昨日いただいた手紙も文通ボランティアを希望する方からのものでした。文通ボランティア希望の方には、ご本人が引きこもりなどの何らかの当事者体験をしている方は少なくはありません。その文通ボランティアの希望者は10名を超えました。
困った事態と思うのは、自らがボランティア活動として困った人を助けようとしても、そのボランティアの助けを受けたいという人が現われないことです。相手がいないので試合が成り立たないようなものです。
事態を考え直さなくてはなりません。これは「困った事態」などではなく、健全な事態ではないかと。なぜでしょうか?
初めから支援を求める支援対象者がいるのでしょうか。確かにいますが少数です。他の分野はわかりませんが、引きこもりに関しては特徴的なことがあります。
多くの引きこもり状態の人は、支援を拒否します。成人の場合はほとんどがそうなります。少年期の人や精神障害の領域に入っている引きこもりの人にはいるように思います。それでも当事者から支援を求めるものは合計しても少数です。
家族から支援を求める人はいます。家族からの支援を求める声によって、支援活動は続いているといっていいでしょう。家族が支援を求め、家族と支援者のつながりによって引きこもり経験者が支援者とつながるのです。
成人引きこもりで自ら支援を求める行動に出るのも小数です。家族の関係で、家族にその可能性を感じられなくて、いわば家族の意に反して動いている人という印象を受けます。
こういう状態のときの当事者の動き方としては、自らを支援者の側に置くことではないでしょうか。
東京都知事選挙が行われています。候補者に向かって「がんばってください」と応援をしています。よく見かける応援のしかたです。考えてみると自分を応援する立場になる人に向かって「がんばってください」と言っているわけです。自らを支援する側に身を置いて、自分が支援を受ける状態をつくるタイプのものです。支援する側と支援を受ける側が反転しています。
ここでは私自身の例を追加するのがいいでしょう。
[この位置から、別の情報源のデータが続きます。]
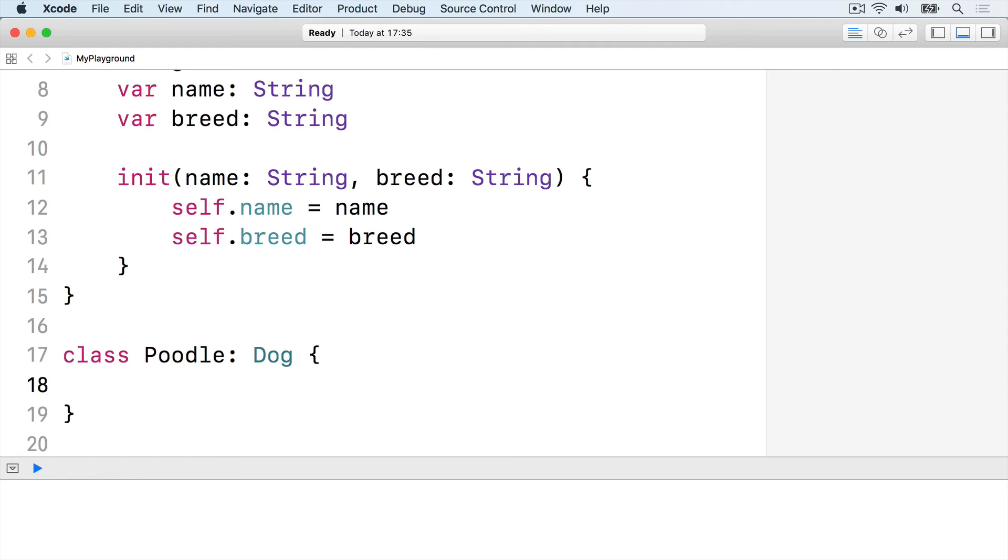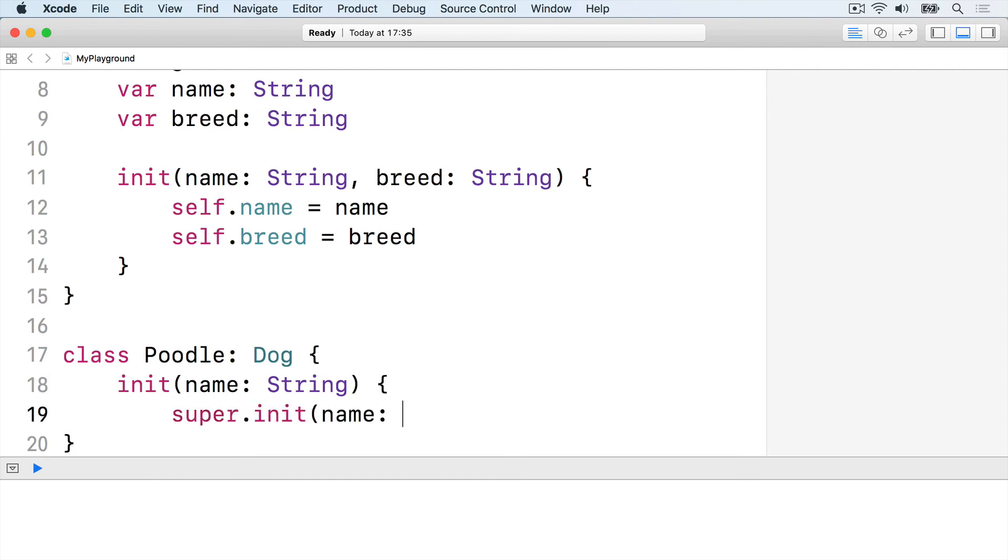Even better, we can make the poodle initializer call the dog initializer directly so that all the same setup happens. Init name string super dot init name name breed poodle then end the init.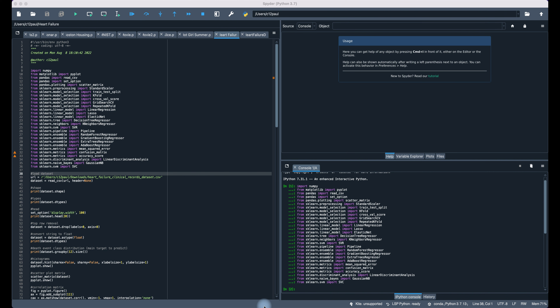Linear regression also has regression coefficients and an associated error rate in the equation. For more information, you can easily search linear regression on Google for further detail on that method.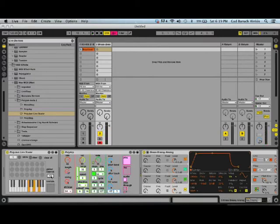And if I would change that to, let's say, 6 semitones, let's see how that would sound.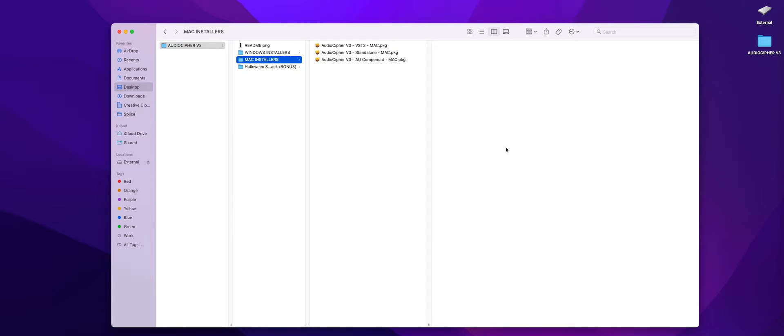In this video we're going to show you how to install AudioCypher V3 on a Mac. So the first thing you'll want to do is unzip the file that you got and inside of there you're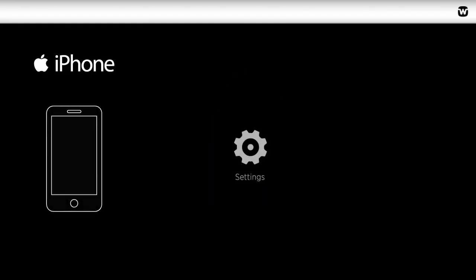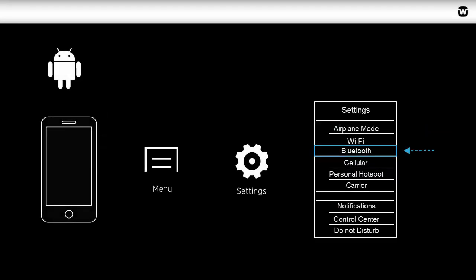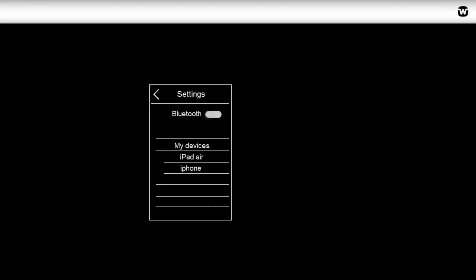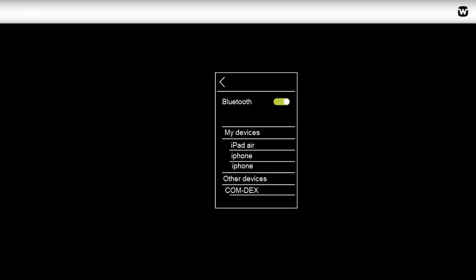Begin by making sure the Comdex and mobile phone are within a 1 meter or 3 feet range. The Comdex must not be charging during the connection process. Now connect the neck loop on the Comdex. It will not connect if the neck loop is open. The device will blink red and blue.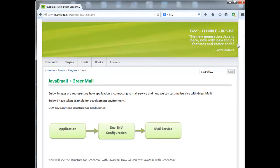We have seen the GreenMail basic idea and the code snippets for sending and retrieving messages. Now I want to show with an example using pictures to give an exact idea of GreenMail. I will take a Java email code snippet where it is connecting to the email service to send or retrieve responses, and the images below represent how the application connects to the mail service.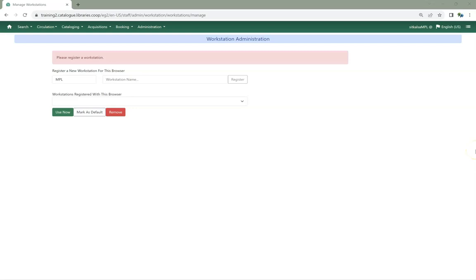You will be prompted to register your workstation. If you're a multi-branch library, select the branch you'd like to register the workstation for from the drop-down menu.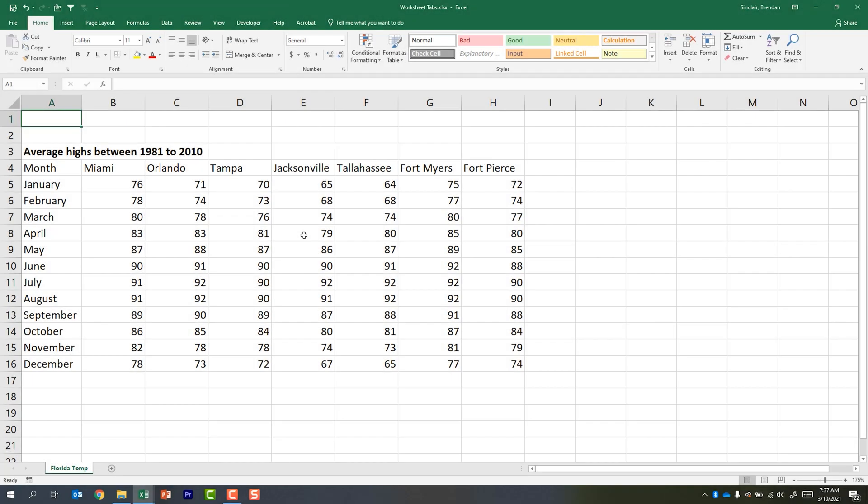Hello YouTube! I hope you're doing well. In today's video we're going to talk about working with Excel worksheet tabs. If you're looking to take an Excel certification exam, some of the things that we're going to cover in this video you could be asked to perform on the certification exam.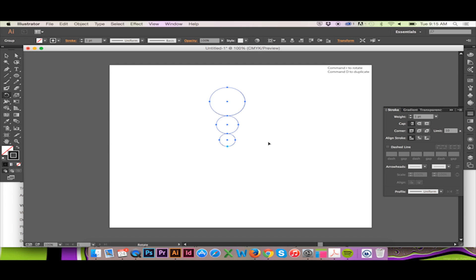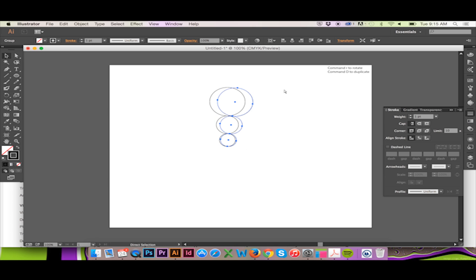Now we can hold down ALT while we click and drag our vector. This will duplicate our vector while rotating it around our placed center point. Once we are satisfied with our angle, we may use the shortcut Command D to duplicate our vector once again.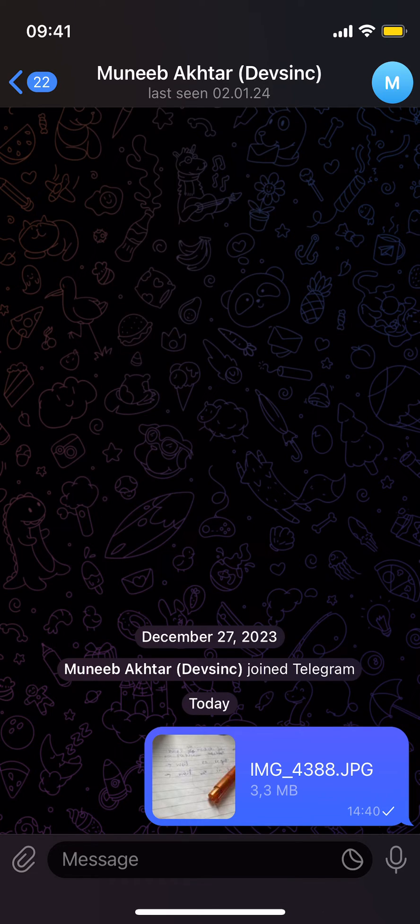Before you go, please like, subscribe, and share. Thank you.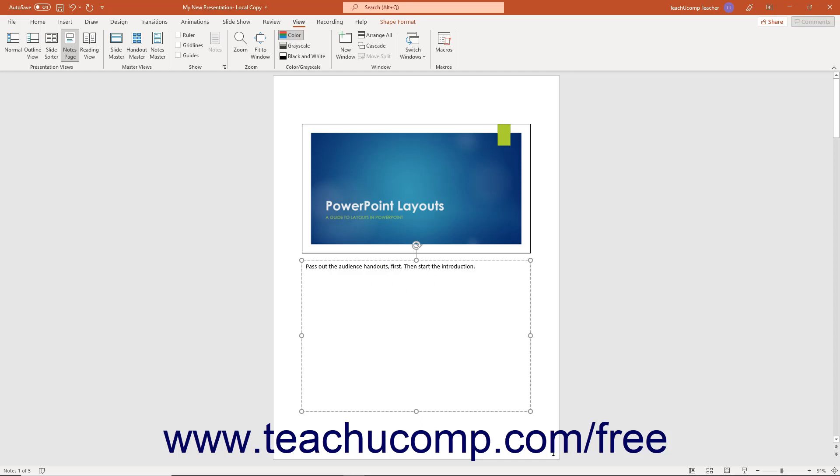You can add any notes that you want the presenter to remember or emphasize during the presentation.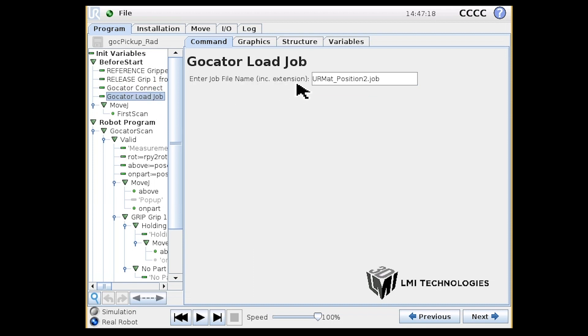In the GoCator Load Job, you can select which GoCator firmware job files you want to use. The job file contains your saved settings and measurement tools.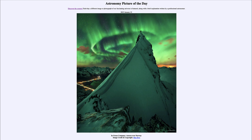The aurora occurs when those particles strike Earth's atmosphere and cause oxygen atoms high up in the atmosphere to glow. Those oxygen atoms give off the distinct green glow that we associate with the aurora.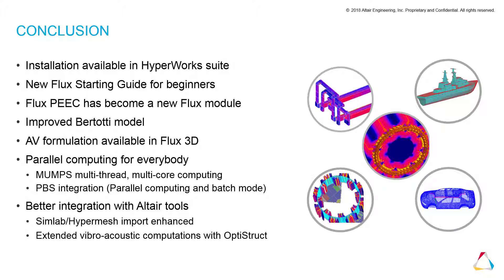Here we see a summary of the Flux 2018 new capabilities. Download the Flux 2018 release to discover them for yourself.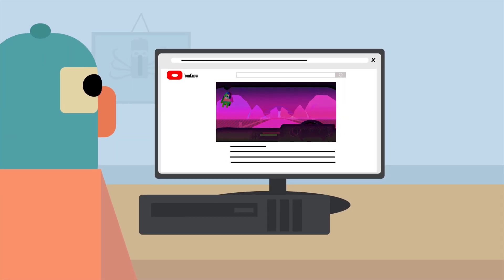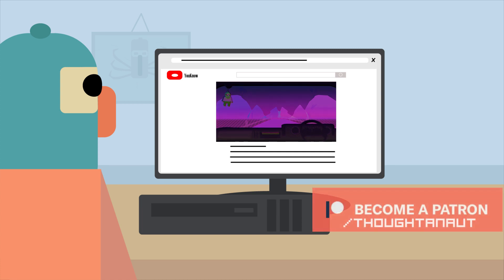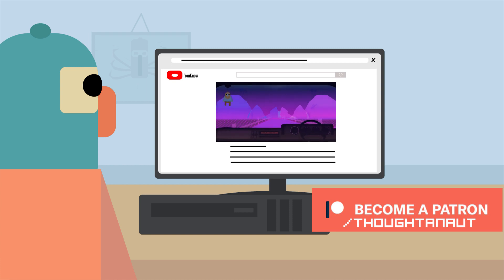Unfortunately, by continuing to watch this video, you effectively sell your soul to the devil. The core principle of this thought experiment depends on you knowing about it, so I'm terribly sorry.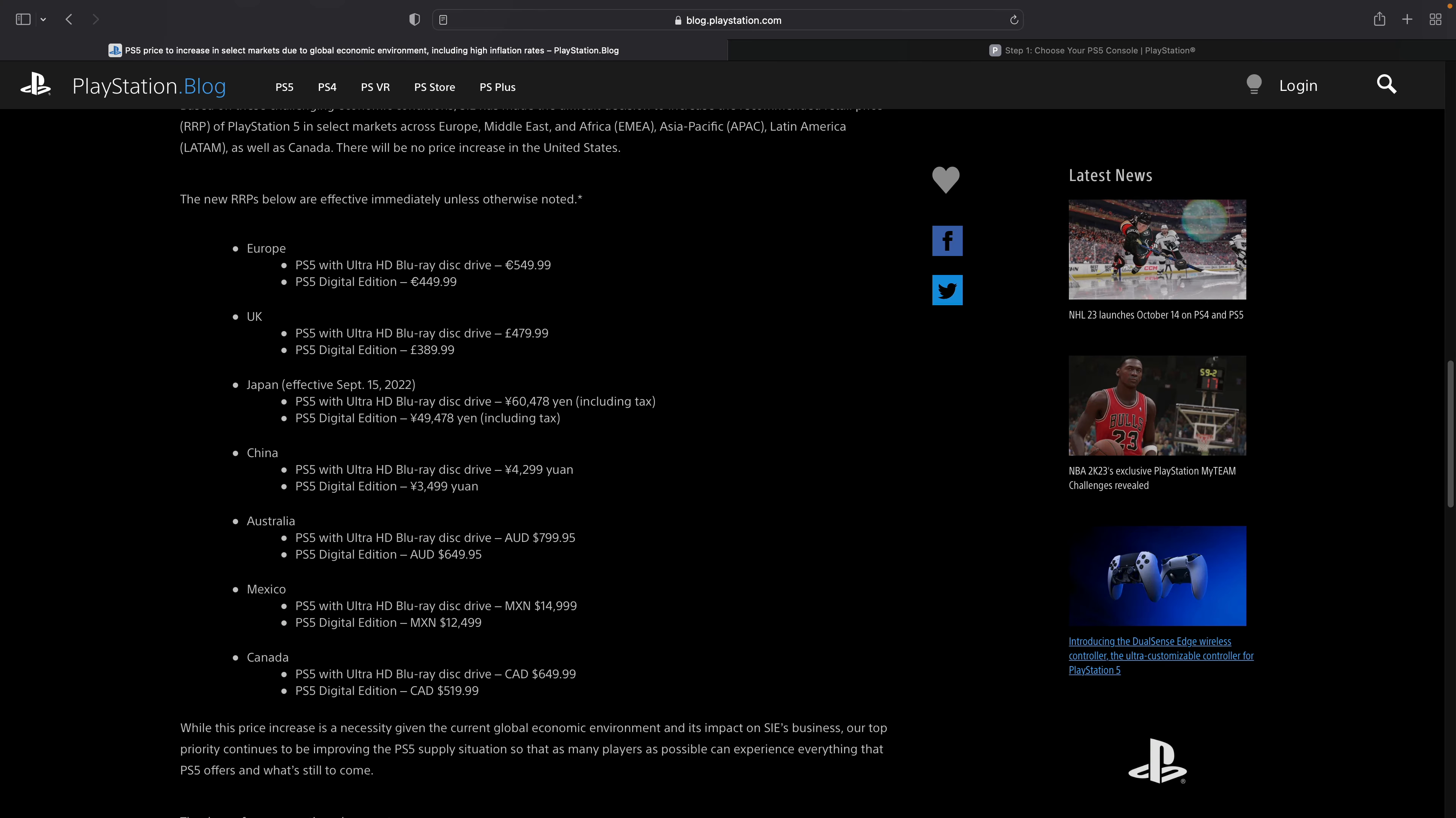So with the exception of Japan, all of the other price increases are effective immediately. Now, notice the USA is missing from this list. I would not be surprised to see that added soon.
私はいつの間にか「引きこもりの支援者」になっています。本当でしょうか? あえて否定することもないのですが、しかし不十分です。少なくとも私は「引きこもりの経験者から助けられている」からです。支援者は支援の対象者から学び、彼ら彼女らに助けられる状態にあります。この相互作用のない支援というのは私にはウサンクサイ支援です。人の自己成長力や自然回復力を軽く見る支援になると思います。
ここまで考えると自らが引きこもりなどの経験者でありながら文通ボランティアを希望する意味が明確になります。ボランティアに参加することによって自分の課題にチャレンジするのです。これは健全な方法になると思ったのです。
「天は自から助くる人を助く」といいます。いまの例から見て少し言い直したいです。自分の身を助ける側に置くことで自分を助ける道を開くのです。私の実感ともあいます。